Tubbataha divers to lead in reef damage assessment, says Coast GuardBy Jerry E. Esplanada
Philippine Daily Inquirer
MANILA, Philippines – Tubbataha Reef Management Office divers, not their counterparts from the Philippine Coast Guard, will make the “final assessment” of the damage left by the USS Guardian on the Tubbataha Reef in the Sulu Sea, the PCG spokesman told the Philippine Daily Inquirer.
Lt. Commander Armand Balilo on Monday, however, said they were “willing to assist the TRMO conduct the reef damage assessment operation by providing resources like ships and rubber boats.”
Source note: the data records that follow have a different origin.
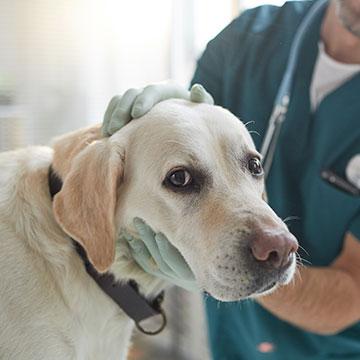 Hund beim Tierarzt zur Vorsorgeuntersuchung. Wichtig: Der Impfstatus, z. B. für Zwingerhusten.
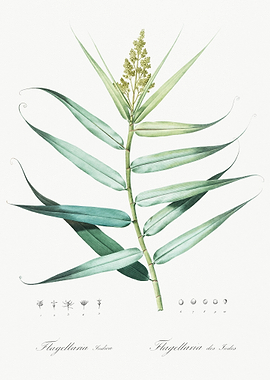 Bush Cane Illustration Fro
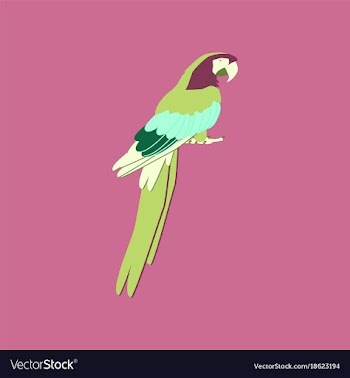 In flat style of parrot vector image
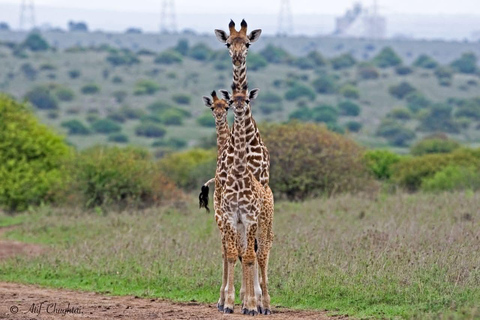 Nairobi: passeio de meio dia no Parque NacionalNairobi: tour privado de meio dia no Parque Nacional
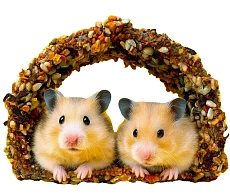 Smile King Домик хомяка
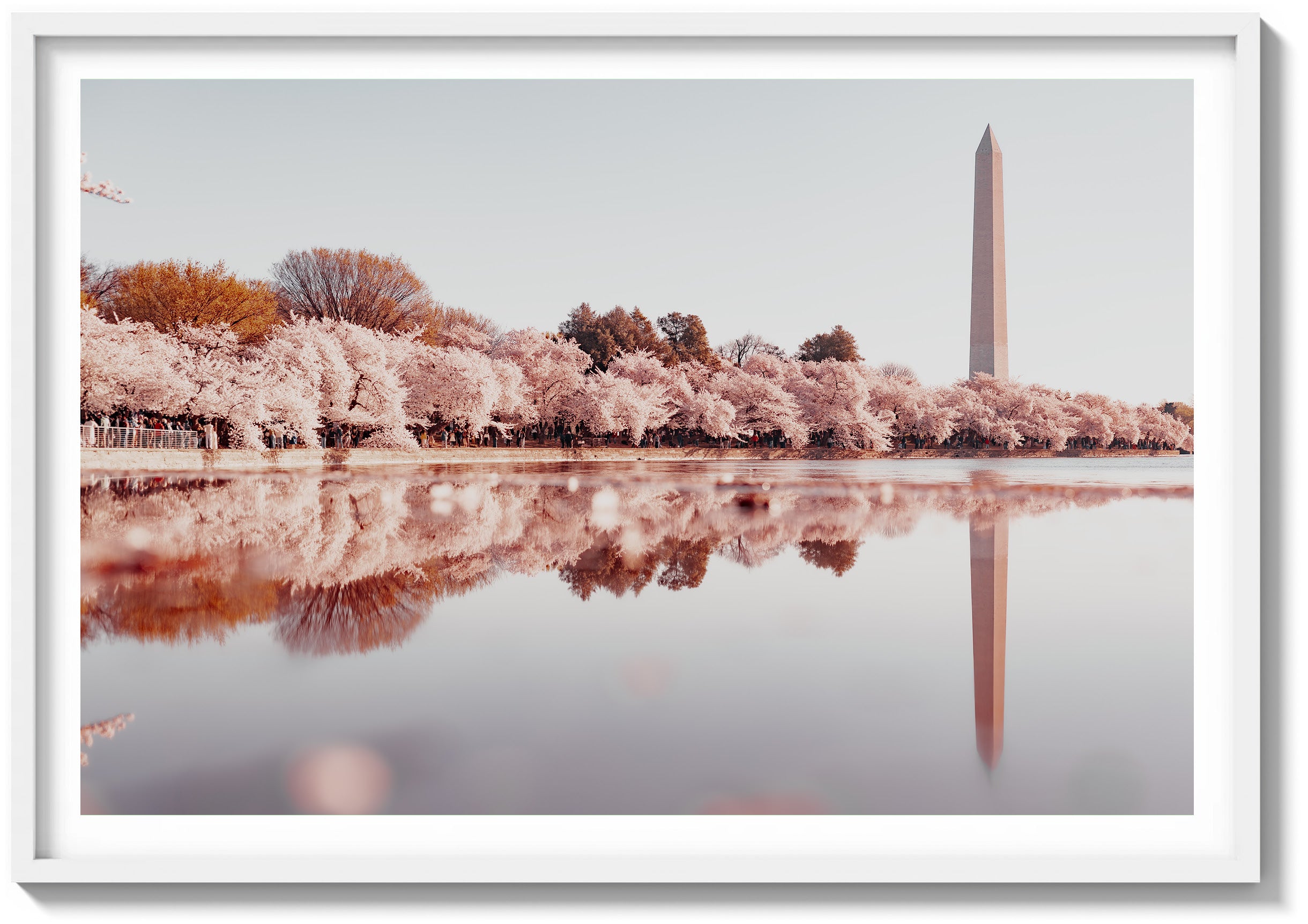 Monument Reflection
On January 22, five days after the US Navy minesweeper got stuck on the reef, 14 Coast Guard divers checked out the United Nations Educational, Scientific and Cultural Office’s World Heritage Site.
After completing their mission, the PCG divers reported that the damage caused by the USS Guardian’s grounding had reached 1,500 to 1,600 square meters, up from more or less 1,000 square meters two weeks earlier.
Balilo earlier said Coast Guard divers would make a final assessment of the American vessel’s damage to the reef.
On Monday, he said they were leaving it up to TRMO personnel.
The Paris-based UNESCO had expressed willingness to send a “team of experts” to assess the damage on the Tubbataha reef.
However, the Task Force Tubbataha, which groups both the PCG and the TRMO, among others, has yet to take up the UNESCO offer.
Meanwhile, the manual cleanup of the debris from the ship grounding site is expected to be completed on Tuesday.
The reef damage assessment “will start as soon as the cleanup operation wraps up,” according to Balilo.
The US Navy-contracted salvage team removed the USS Guardian’s stern, the vessel’s last remaining section, early Saturday afternoon.
The cut sections of the 68-meter ship were taken to the barge Seabridge S-700, which would bring them to an undisclosed US military facility in Japan.
The ship hit the upper side of the South Atoll, of the main atolls comprising the Tubbataha Reef, at dawn on January 17 while on its way to Indonesia.
Bad weather had delayed at least four times the salvage operations, which began on February 22.